Reality is that which, when you stop believing in it, doesn’t go away.—Philip K. Dick.

  Experiments show that even trained minds, fully aware that a they are in a simulation, perhaps walking across a steep drop on a plank, will wobble, shake and react almost unconsciously, as if, they were REALLY in the simulated scene. Meditation can have a similar effect, as can some drug use, and in fact all consciousness change techniques confront a similar question.    

  With VR, however, it’s like coming at it from another place altogether, a place where you are suddenly forced to face deep rooted questions of the nature of reality, identity, perception, likes and fears etc. You do not have to train the mind to be still, so that the clear images may emerge, or chemically alter your neuro-semantic system, no, although these techniques have their own plus and minus points. No, a convincing 3D immersive audio/visual simulation can trigger similar neuro-chemical activity, resulting in dormant, perhaps unconscious but instinctive sensory responses. It does not take much to pull the wool, or goggles, over the eyes, and influence the deep rooted physical responses to neural stimulation. I predict that soon, one may propose a new '360 immersive' expression of the meaning of Quantum Mechanics, or Quantum Entanglement, or Mirror Neurons. Make it new.

democratic civilization will save itself only if it makes the language of the image into a stimulus for critical reflection — not an invitation for hypnosis.—Umberto Eco"Can Television Teach?" in Screen Education 31 (1979), p. 12.

  This is my hacked together message, a trigger, whereby i hope you at least go and read Dr Wilson and Umberto Eco again. Contemplate for yourself the nature of reality and realities, and of virtual reality and virtual realities, and perhaps if you are fortunate, with the additional help of the latest VR hardware. With luck, in here, some of the the foundational principles of general semantics, and semiotics, can ride shotgun together, inside the latest 3D VR environments. 

  I think we are going to require innovative tools to help the public at large gain more empathy for what is beyond their senses, and learn to better discern the real from the unreal, or...the pretty much real from the not really so real, and so on...
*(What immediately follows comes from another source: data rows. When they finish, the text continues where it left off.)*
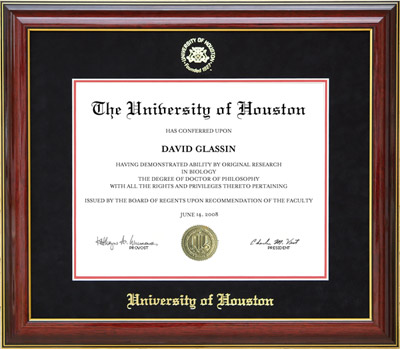 UH Diploma Frame with Gold Embossed Mat
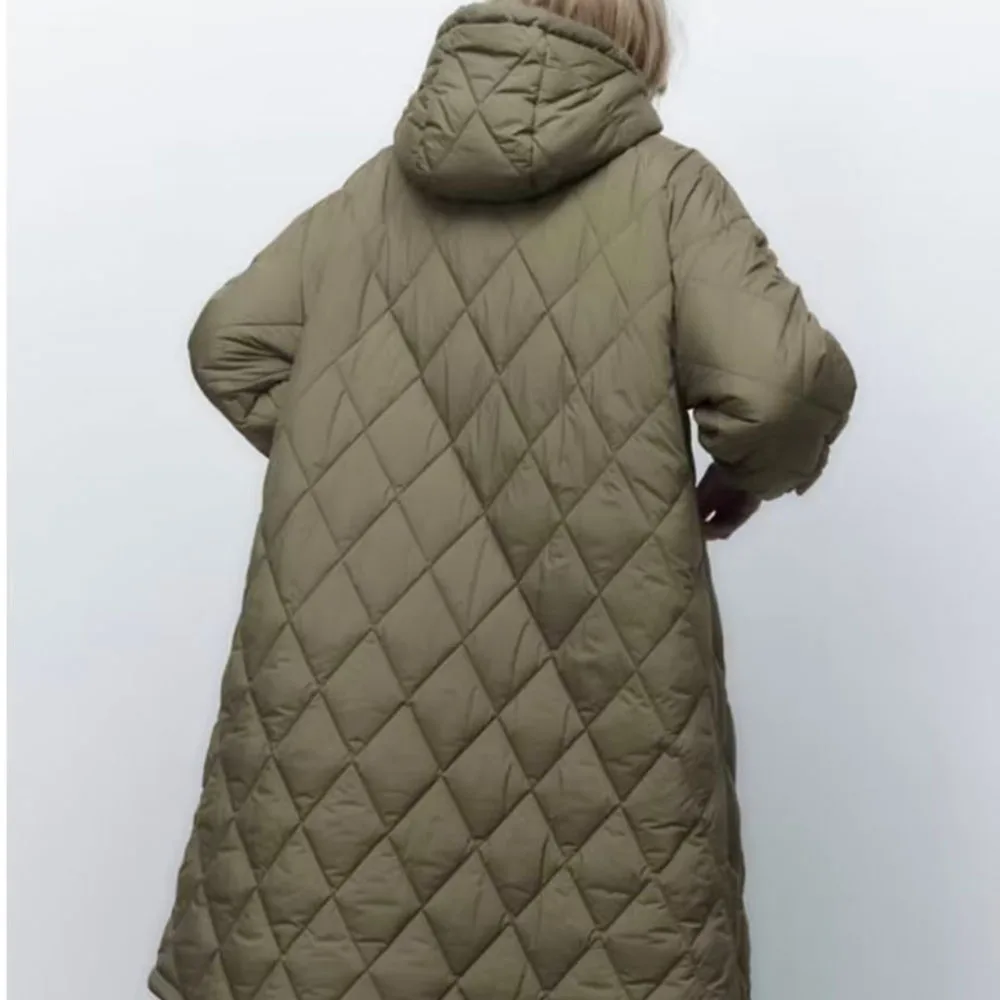 Autumn and winter new fashion women's casual loose stand-up collar hooded rhombus mid-length cotton coat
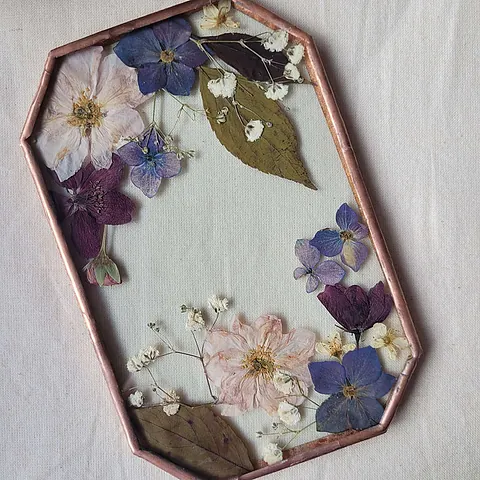 Floral Medley Real Pressed Flower Frame with Wooden Stand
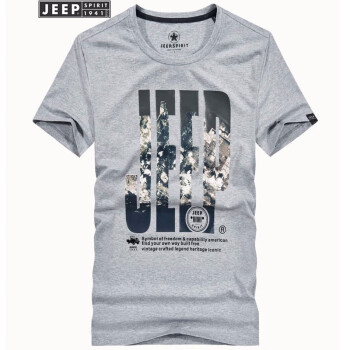 吉普（JEEP） 短袖 男士T恤 1108灰色 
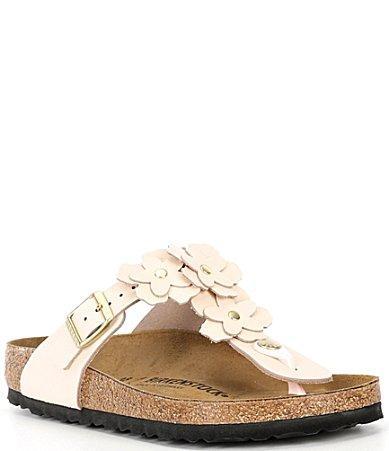 Birkenstock Womens Gizeh Flowers Leather Thong Sandals Product Image
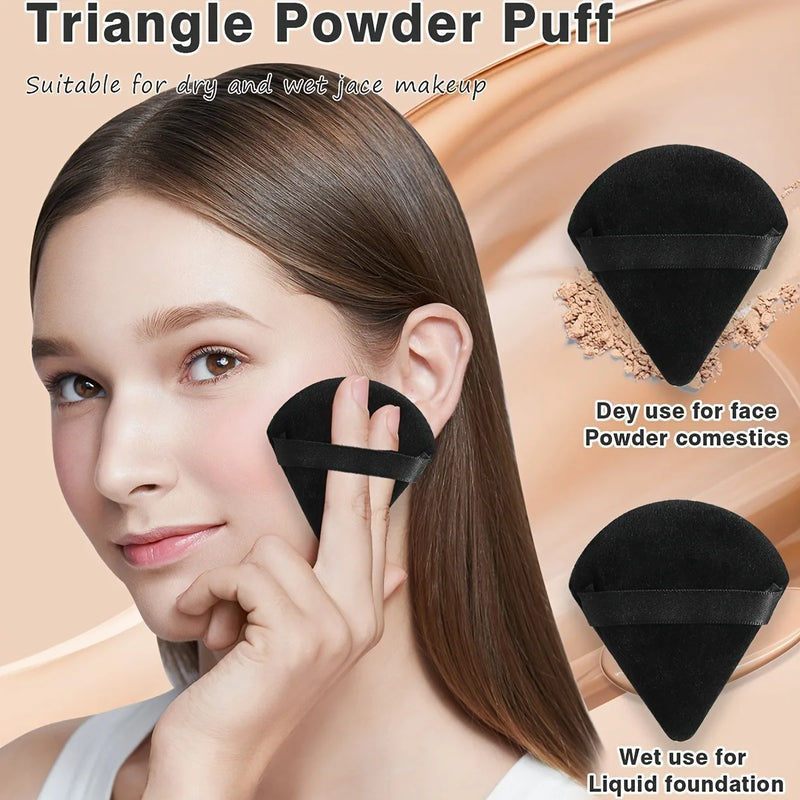 Triangle Powder Puffs Bulk Pack for Loose & Setting Powder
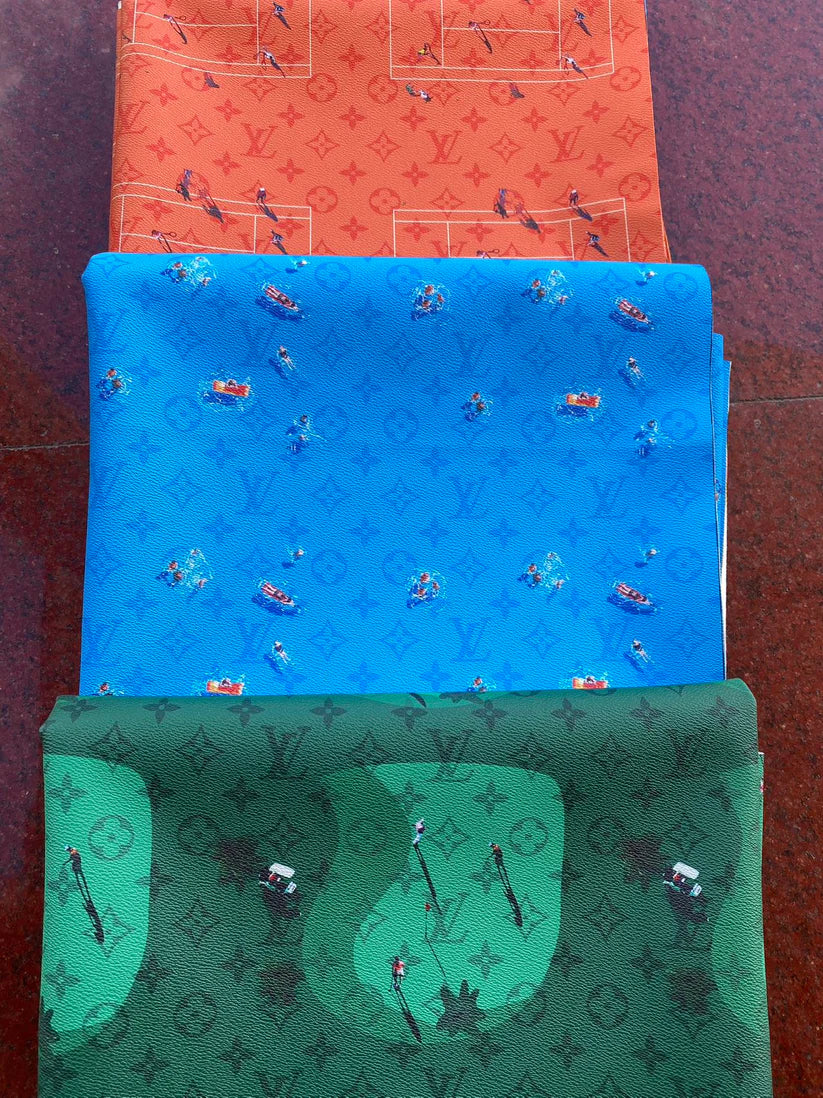 Orange Louis Vuitton Designer Fabric Tennis Logo Car Interior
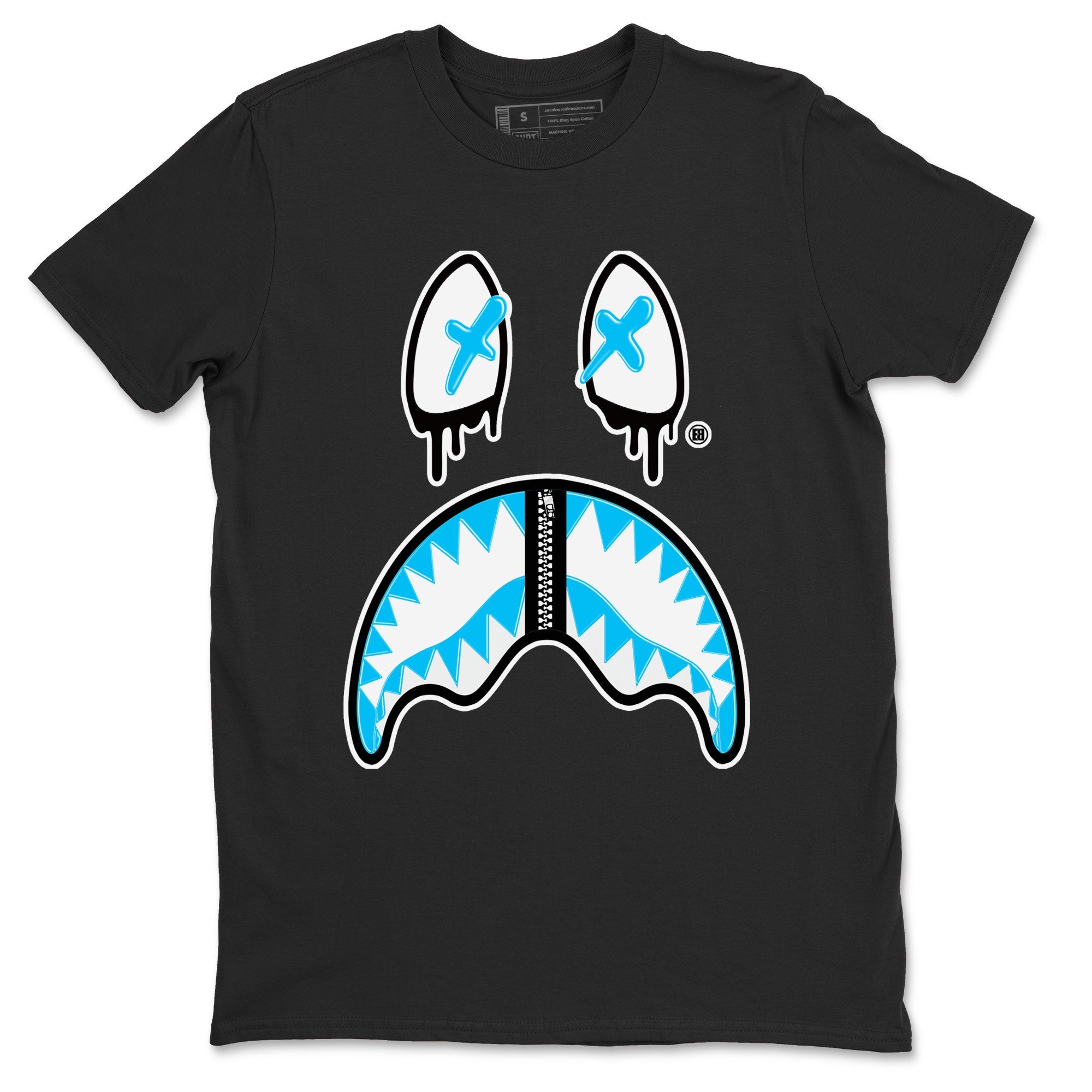 AJ9 Powder Blue shirt to match jordans Shark Face sneaker tees Air Jordan 9 Powder Blue Drip Gear Zone unisex cotton Black 2 crew neck shirt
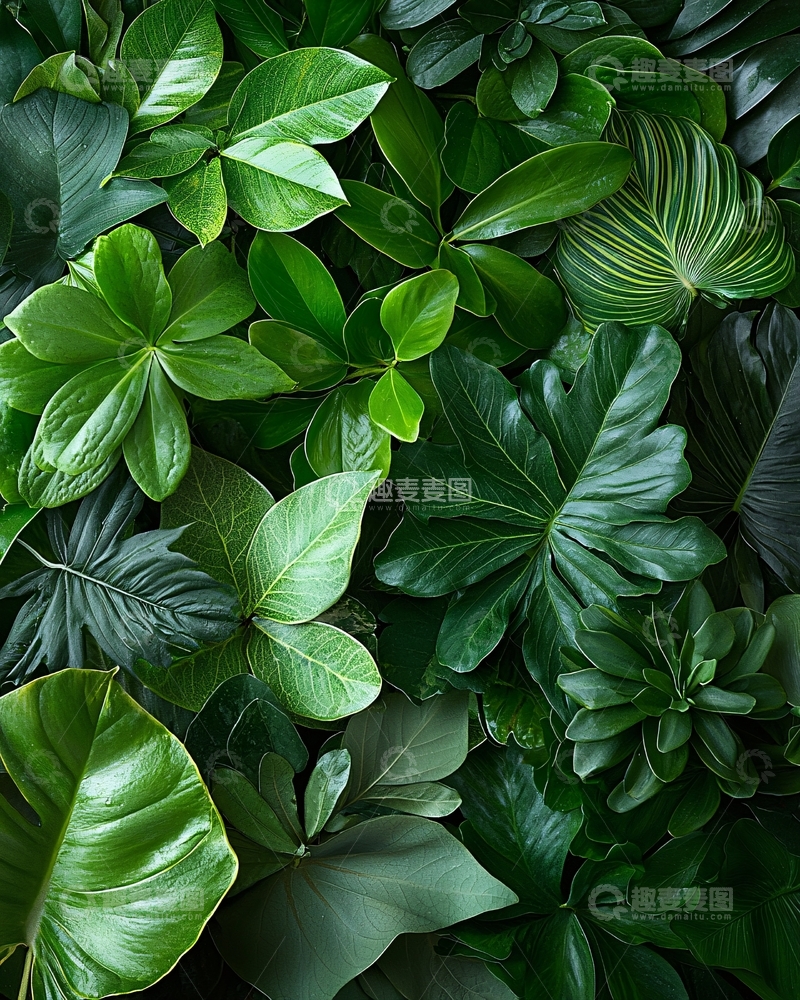 高清大图下载【趣麦麦图】热带植物绿叶背景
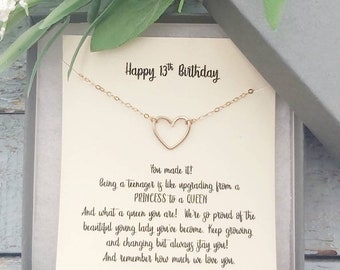 13th Birthday Girl, Dainty Heart Necklace, Teenage Girl Gifts,  Girls Age 13 14 15 16 17 18 19,, Handmade, Personalized, Gifts for Her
...New tools to combat naive realism, together with captivating games, films, porn and beyond, all media that will shape and meta-program the minds of many generations to come. In VR, you may finally be able to go fuck yourself backwards, convincingly enough to never say that phrase again without wincing.        


—Steve Fly.
    Bristol.
    UK


I'll leave you with these thoughts...
The conspiracy theory of society . . . comes from abandoning God and then asking: "Who is in his place? - Karl Popper. From Yesod, Chapter 118 of Foucault’s Pendulum by Umberto Eco.

"You need the "is of identity" to describe conspiracy theories. Korzybski would say that proves that illusions, delusions, and "mental" illnesses require the "is" to perpetuate them. (He often said, "Isness is an illness.”) Korzybski also popularized the idea that most sentences, especially the sentences that people quarrel over or even go to war over, do not rank as propositions in the logical sense, but belong to the category that Bertrand Russell called propositional functions. They do not have one meaning, as a proposition in logic should have; they have several meanings, like an algebraic function.— Robert Anton Wilson, Language as Conspiracy, p. 277.